In the following year, the group’s growth at current rates was 10.4%, rising to 14.1% at constant rates, while in 2024 (closed last January) Inditex’s sales increase was 7.5%, 10.5% at constant rates. Thus, in three years, the group has lost an aggregate 7.2 points of growth, or an average of 2.4 points annually.
Inditex has lost an aggregate 7.2 points of growth in three years, or an average of 2.4 points annually
The currency impact continues in the current fiscal year. Last week, the company reported that sales grew by 1.6% in the first half, to 18.357 billion euros, while sales at constant exchange rates rose by 5.1%. Inditex forecasts that, at current exchange rates, the currency impact will be approximately 4% of sales for the current year as a whole.
For one of Inditex’s biggest rivals, the Swedish group H&M, the impact of exchange rates has been favorable. With the Swedish krona as the reference currency, H&M has gained eleven points of cumulative growth over the past three years, or an average of 3.6 points each year.

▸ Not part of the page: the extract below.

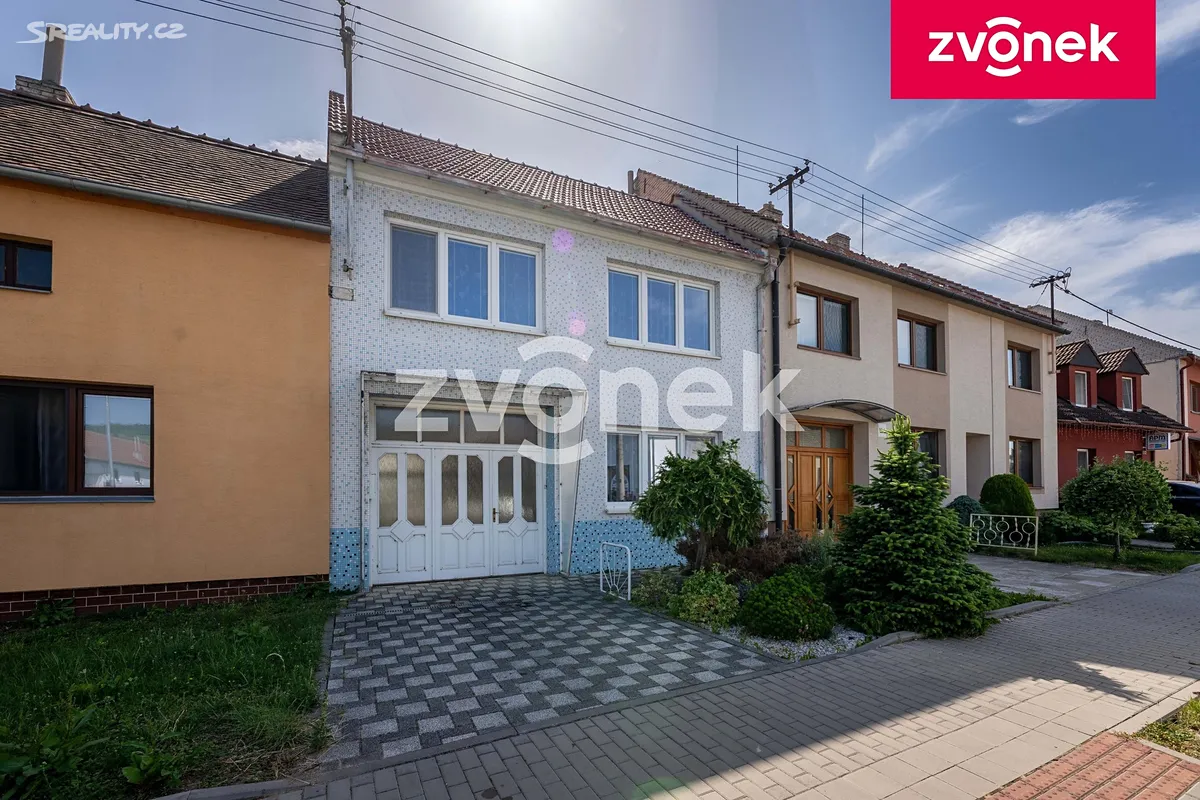 Prodej rodinného domu 220 m², pozemek 1093 m², Blatnice pod Svatým Antonínkem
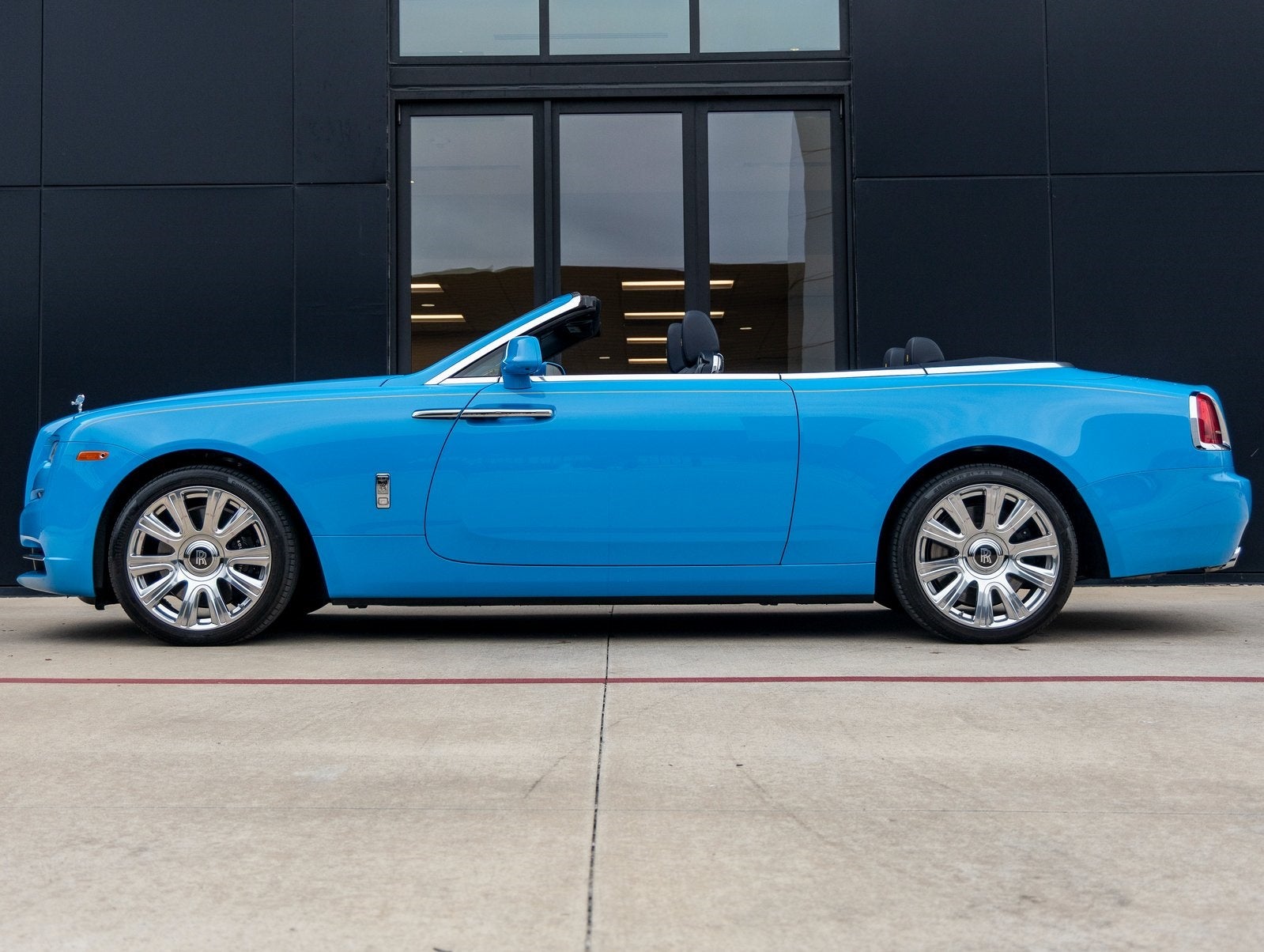 2021 Rolls-Royce Dawn Base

In 2022, the company grew by 12% at current rates and by 6% at constant rates; in 2023, it increased sales by 6% at current rates and reduced them by 1% at constant rates, and in 2024 the evolution has been negative by 1% in the first case and positive by 1% in the second.
With the Swedish krona as the reference currency, H&M has gained eleven points of cumulative growth over the past three years
Inditex’s high exposure to the United States works against it. At the end of 2024, the U.S. market was Inditex’s second largest market in terms of sales volume. Sales in the American continent amounted to €7.18 billion at the end of the fiscal year, representing 18.6% of the total. A year earlier, sales in the Americas accounted for 19.6% of the total, although sales in the region were lower, at €7.045 billion.
In the first half of 2025, however, America has lost weight in Inditex’s overall business, which has increased its exposure to Europe, which would play in the company’s favor in terms of rates. In the period, the weight of sales in the Americas as a percentage of the total fell by one full point compared to twelve months earlier, to 17.8%.
In Spain, the group accounted for 15.5% of its sales in the first half of the year, equivalent to €2,845.3 million. With a 7.1% jump compared to the same period of the previous year (even higher than the evolution of sales at constant rates in the first half, which increased by 5.1%), the country gained 0.8 points in weight over the total compared to a year ago.
In the rest of Europe, the jump was also 0.8 points, to once again surpass the 50% mark. In the period ended July 31st, Inditex sold products in the rest of Europe for a total of €9.307 billion, 3.2% more than in the first half of 2024. Thus, the weight of Europe in Inditex’s total business increases to 66.2%: 15.5% from Spain and 50.7% in the rest of the European continent.